▶ **TRY IT**
For the listing below, the answer is an exact retyping of the lines from the one with "Aries Upholstered Iron" through the one with "klapki damskie zdrowotne", both included, without pictures.

▶ **DATA FOR THE TASK**

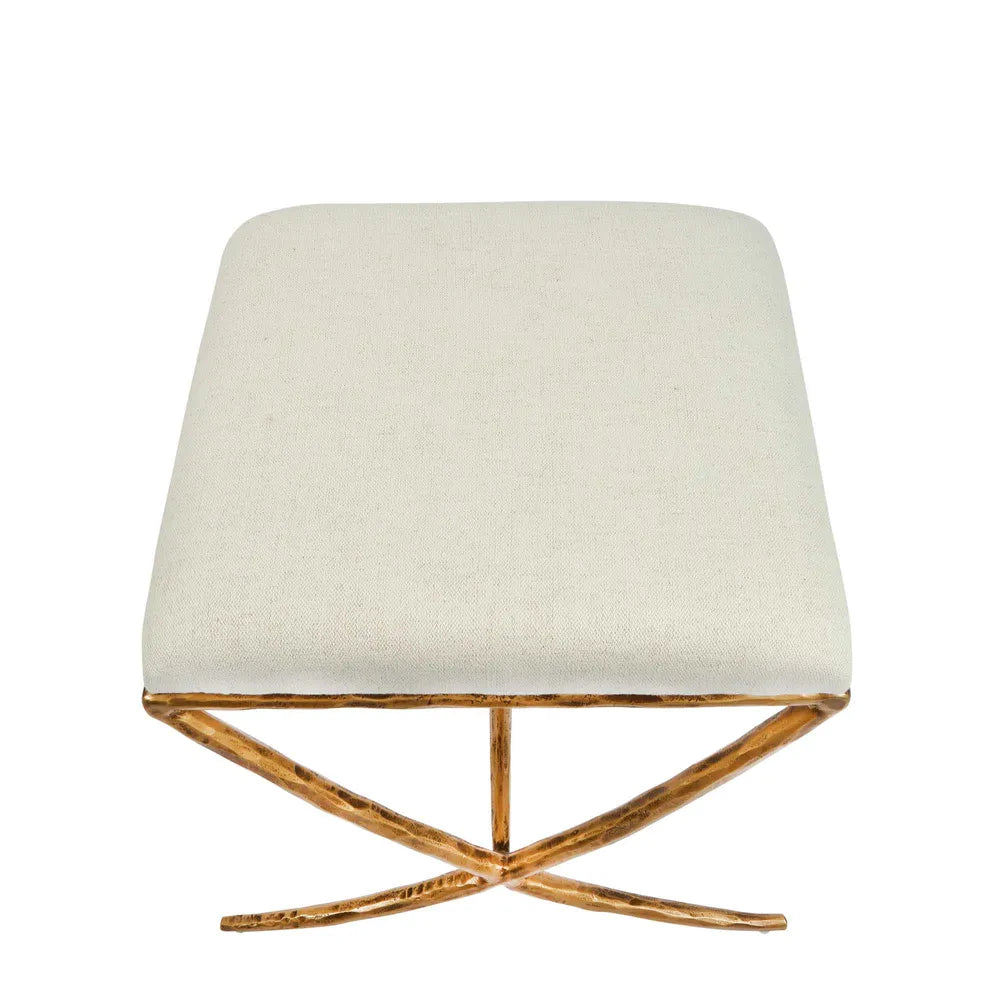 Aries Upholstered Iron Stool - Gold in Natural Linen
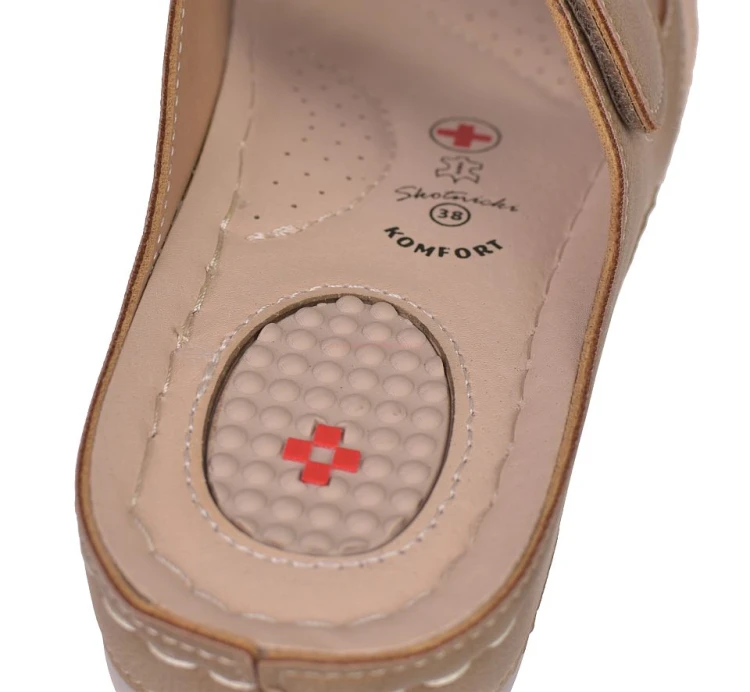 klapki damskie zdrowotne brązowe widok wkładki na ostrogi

* * *

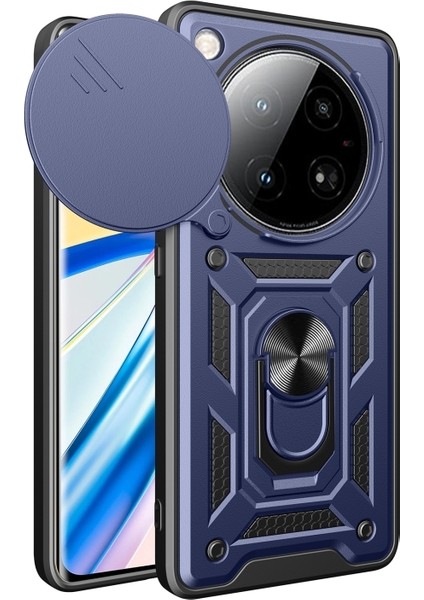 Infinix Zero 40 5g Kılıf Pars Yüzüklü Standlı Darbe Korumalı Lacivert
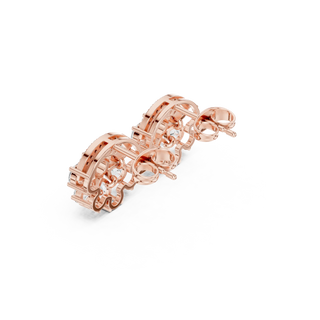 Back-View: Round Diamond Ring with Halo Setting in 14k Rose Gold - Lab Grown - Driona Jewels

▶ **RESPONSE BELOW**
 Aries Upholstered Iron Stool - Gold in Natural Linen
 klapki damskie zdrowotne brązowe widok wkładki na ostrogi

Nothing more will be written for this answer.